Weil "In Seclusion" passend zu ihrem pfeilschnellen Riffmassaker wie die Berserker über die Bühne wüteten, war die große Bühne für das Sextett mit zwei Sängern beinahe zu klein. Den ersten Siedepunkt erreichte die Stimmung beim Auftritt der Fun-Punks "Fe-nx". Obwohl die Halle dem Trio buchstäblich zu Füßen zu liegen schien, brachte ihr roher und energischer Punkrock, Fe-nx bei ihrer ersten HBB-Teilnahme nicht aufs Treppchen. Nicht weniger eindrucksvoll schlugen sich die Peach Mellow Burners. Sie trugen ihre innovative, schrebbelige und experimentelle Melange aus Brit-Pop und Rock mit Retro-Keyboards in einer charmant kauzigen Art vor.

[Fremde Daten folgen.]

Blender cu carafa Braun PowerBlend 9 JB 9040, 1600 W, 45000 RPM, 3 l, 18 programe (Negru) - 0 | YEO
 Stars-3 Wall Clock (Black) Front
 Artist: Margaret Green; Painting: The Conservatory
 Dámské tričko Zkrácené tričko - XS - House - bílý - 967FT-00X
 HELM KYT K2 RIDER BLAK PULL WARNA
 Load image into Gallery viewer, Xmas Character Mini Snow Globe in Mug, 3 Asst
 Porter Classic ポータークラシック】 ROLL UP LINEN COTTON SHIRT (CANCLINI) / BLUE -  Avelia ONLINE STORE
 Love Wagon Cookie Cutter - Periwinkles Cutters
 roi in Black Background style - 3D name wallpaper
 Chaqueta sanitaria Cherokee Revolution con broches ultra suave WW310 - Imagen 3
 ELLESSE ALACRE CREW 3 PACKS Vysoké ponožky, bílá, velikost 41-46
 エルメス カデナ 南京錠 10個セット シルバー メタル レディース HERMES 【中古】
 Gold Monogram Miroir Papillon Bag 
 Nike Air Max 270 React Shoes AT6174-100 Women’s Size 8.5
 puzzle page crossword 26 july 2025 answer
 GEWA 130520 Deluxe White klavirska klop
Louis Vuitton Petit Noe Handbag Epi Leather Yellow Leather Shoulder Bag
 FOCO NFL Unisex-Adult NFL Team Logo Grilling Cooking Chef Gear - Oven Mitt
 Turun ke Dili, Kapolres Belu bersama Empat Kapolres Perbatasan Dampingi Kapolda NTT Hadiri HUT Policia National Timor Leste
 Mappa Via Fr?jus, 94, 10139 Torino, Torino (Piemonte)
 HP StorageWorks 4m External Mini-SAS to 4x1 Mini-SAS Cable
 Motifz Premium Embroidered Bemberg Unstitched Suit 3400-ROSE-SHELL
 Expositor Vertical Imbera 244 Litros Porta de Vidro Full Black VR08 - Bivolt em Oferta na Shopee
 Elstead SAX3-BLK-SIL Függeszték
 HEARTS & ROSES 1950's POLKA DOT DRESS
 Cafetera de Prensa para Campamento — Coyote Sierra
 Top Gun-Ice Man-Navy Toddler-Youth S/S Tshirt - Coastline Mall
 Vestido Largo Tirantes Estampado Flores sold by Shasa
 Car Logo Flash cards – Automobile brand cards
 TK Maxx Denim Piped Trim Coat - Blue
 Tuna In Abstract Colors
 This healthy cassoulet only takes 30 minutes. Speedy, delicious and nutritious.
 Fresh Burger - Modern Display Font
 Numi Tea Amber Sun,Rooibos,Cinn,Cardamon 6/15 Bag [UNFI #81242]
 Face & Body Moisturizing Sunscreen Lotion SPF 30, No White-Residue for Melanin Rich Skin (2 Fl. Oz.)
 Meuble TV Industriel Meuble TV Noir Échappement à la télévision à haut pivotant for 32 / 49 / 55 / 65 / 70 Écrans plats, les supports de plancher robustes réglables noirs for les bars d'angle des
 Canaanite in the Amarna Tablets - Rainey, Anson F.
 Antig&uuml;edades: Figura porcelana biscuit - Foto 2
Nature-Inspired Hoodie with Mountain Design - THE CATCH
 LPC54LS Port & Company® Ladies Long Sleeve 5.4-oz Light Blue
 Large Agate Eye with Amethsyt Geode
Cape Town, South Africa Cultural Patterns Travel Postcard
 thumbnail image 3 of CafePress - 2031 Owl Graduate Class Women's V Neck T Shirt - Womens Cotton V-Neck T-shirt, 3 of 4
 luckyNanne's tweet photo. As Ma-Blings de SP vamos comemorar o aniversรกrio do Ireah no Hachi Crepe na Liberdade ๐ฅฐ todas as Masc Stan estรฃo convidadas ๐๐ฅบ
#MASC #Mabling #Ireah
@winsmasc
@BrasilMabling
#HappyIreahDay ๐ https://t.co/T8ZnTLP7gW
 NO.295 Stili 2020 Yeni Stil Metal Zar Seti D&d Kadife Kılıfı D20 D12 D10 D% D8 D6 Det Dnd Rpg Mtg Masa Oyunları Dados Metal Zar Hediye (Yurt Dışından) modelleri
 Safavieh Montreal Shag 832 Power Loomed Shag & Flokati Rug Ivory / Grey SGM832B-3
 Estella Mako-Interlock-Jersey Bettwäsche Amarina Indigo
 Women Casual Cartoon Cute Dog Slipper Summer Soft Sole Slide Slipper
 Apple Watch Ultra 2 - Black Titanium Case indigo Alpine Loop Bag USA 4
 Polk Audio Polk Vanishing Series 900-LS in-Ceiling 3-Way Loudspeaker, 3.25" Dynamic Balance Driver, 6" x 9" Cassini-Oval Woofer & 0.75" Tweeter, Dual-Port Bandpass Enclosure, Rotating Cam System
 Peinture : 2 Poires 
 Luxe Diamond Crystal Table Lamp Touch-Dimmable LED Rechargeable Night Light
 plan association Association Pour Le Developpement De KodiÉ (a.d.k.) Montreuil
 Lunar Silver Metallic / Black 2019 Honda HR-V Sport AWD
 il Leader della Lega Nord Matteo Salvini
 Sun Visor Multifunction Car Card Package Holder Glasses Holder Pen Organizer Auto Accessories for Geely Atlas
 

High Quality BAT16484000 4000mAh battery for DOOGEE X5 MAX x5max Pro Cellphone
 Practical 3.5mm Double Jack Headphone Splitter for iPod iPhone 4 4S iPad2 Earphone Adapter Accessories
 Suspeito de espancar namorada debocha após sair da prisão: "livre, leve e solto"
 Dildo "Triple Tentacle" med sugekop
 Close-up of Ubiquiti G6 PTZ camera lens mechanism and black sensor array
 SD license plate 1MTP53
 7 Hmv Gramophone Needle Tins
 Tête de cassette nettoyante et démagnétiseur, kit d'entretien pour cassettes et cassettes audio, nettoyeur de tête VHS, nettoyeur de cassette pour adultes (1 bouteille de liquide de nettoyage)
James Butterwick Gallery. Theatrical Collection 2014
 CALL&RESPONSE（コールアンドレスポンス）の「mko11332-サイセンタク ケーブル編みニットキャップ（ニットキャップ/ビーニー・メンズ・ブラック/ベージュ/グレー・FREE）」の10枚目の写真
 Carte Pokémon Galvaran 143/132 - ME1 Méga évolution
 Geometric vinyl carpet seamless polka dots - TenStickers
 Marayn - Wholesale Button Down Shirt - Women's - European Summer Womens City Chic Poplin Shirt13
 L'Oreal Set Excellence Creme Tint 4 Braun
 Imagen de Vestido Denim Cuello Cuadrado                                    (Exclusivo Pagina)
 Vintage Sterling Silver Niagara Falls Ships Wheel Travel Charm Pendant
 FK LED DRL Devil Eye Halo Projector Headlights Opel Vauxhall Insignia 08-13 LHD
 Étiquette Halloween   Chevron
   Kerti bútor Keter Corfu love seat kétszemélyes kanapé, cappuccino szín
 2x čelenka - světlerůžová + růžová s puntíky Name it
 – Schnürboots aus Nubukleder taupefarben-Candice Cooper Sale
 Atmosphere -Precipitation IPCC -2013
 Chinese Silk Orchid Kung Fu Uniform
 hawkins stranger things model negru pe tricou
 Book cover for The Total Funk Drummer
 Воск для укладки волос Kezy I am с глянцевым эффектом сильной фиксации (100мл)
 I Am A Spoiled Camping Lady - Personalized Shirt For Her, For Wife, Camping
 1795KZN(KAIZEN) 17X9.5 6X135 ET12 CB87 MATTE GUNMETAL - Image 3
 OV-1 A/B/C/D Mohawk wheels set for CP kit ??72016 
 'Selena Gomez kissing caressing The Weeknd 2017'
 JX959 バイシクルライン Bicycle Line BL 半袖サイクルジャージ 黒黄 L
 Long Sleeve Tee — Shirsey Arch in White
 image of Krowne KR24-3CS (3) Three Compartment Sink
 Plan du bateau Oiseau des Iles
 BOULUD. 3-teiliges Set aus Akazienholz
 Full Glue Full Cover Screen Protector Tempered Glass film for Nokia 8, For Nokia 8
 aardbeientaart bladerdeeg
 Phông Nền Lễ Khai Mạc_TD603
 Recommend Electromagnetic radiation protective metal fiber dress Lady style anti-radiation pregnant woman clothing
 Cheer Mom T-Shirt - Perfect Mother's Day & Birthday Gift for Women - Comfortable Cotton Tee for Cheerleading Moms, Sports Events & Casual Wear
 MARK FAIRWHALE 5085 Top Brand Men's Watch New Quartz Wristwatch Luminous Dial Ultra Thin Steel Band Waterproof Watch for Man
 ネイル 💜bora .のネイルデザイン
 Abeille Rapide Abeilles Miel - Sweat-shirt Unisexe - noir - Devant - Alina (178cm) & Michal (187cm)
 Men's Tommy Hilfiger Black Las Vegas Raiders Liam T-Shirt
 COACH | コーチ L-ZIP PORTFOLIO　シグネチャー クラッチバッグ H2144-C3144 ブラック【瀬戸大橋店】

Die Zeit und Gitarrenhelden kam, als die Heavy-Rocker "Amphelion" auf die Bühne kletterten: Die Duelle der Saitenhexer Reinhard "Starsky" Sterzenbach und Moritz Karzweski waren schlicht atemberaubend. Ein weiters Beispiel spielerischer Präzision gaben die Melodic-Deather "Ashes To Ember", bei ihrem starken HBB-Debüt. Auch "Most Wanted" lieferten ein starkes Konzert ab. Allen voran Sänger und Gitarrist Dominik Lüdke, spielte, sang und schrie als ginge es um sein Leben. Wie die Besucherzahl war auch die Zahl der abgegebenen Stimmen rückläufig. Hatten im Vorjahr noch mehr als 1000 Besucher abgestimmt, waren es diesmal nur 733.

Die Wertung im Detail:

1. Platz: Nonsense (35 Punkte gesamt / 26 Jury-Punke / 9 Publikums-Punkte / 185 Zuschauerstimmen)

2. Enojado (34 / 29 / 5 / 96)

3. In Seclusion (32 / 26 / 6 / 132)

4. fe-Nx (27 / 20 / 7 / 144)

5. Peach Mallow Burners (21 / 19 / 2 / 45)

6. Aphelion (16 / 12 / 4 / 49)

7. Ashes To Ember (14 / 10 / 4 / 49)

8. Most Wanted (7 / 6 / 1 / 33)

(Zur Information: Die bestgevotete Band bekommt je Jurymitglied bzw. Publikum 9 Punkte, die zweite 7, die dritte 6 und so weiter.)